4 SUMMARY A biosensor is described for direct analysis of nucleic acid hybridization through the use of an optical fiber functionalized with nucleic acid molecules and fluorescence transduction. Nucleic acid probes are immobilized on the surface of optical fibers and undergo hybridization with complementary nucleic acids introduced into the local environment of the detector. Hybridization events are detected by the use of compounds 10 fluorescents, which are linked in the nucleic acid hybrids.

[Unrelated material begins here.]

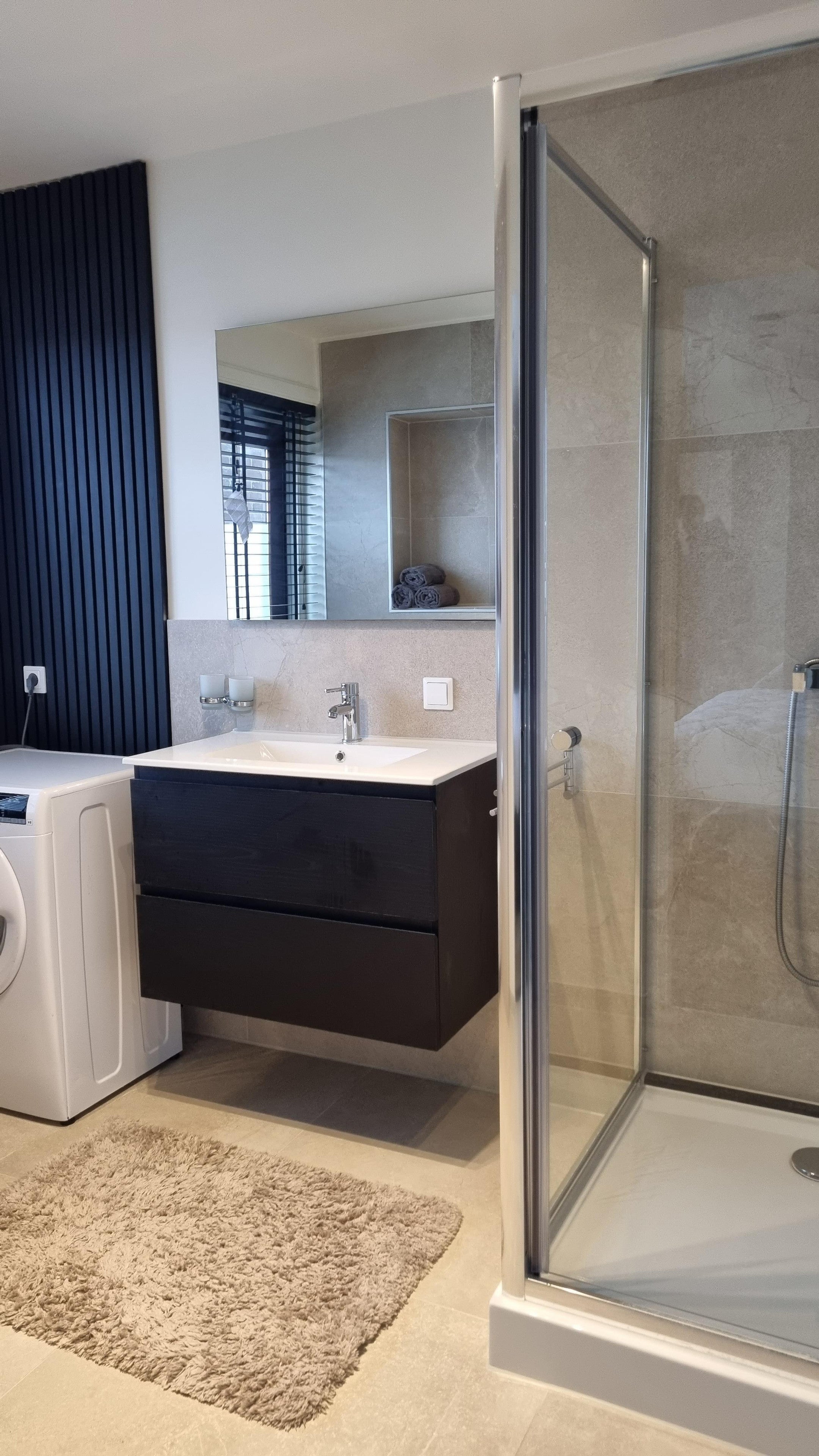 Te huur Appartement Citadellaan in Den Bosch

The invention finds use in the detection and screening of genetic disorders, viruses and pathogenic microorganisms. Applications in biotechnology include monitoring of gene cultures and expression of genes and the 15 efficacy (eg, dose-response) of pharmacists for gene therapy. The invention includes biosensing systems in which fluorescent molecules are connected to the immobilized nucleic acid molecules. The preferred method for nucleic acid immobilization is by 20 synthesis of solid phase nucleic acid in situ. The control of the refractive index of the nucleic acid immobilized by the support derivative chemistry and the nucleic acid synthesis is achieved. The preferred fiber optic derivation produces a DNA coating of higher refractive index than the fiber core on the surface of the fiber.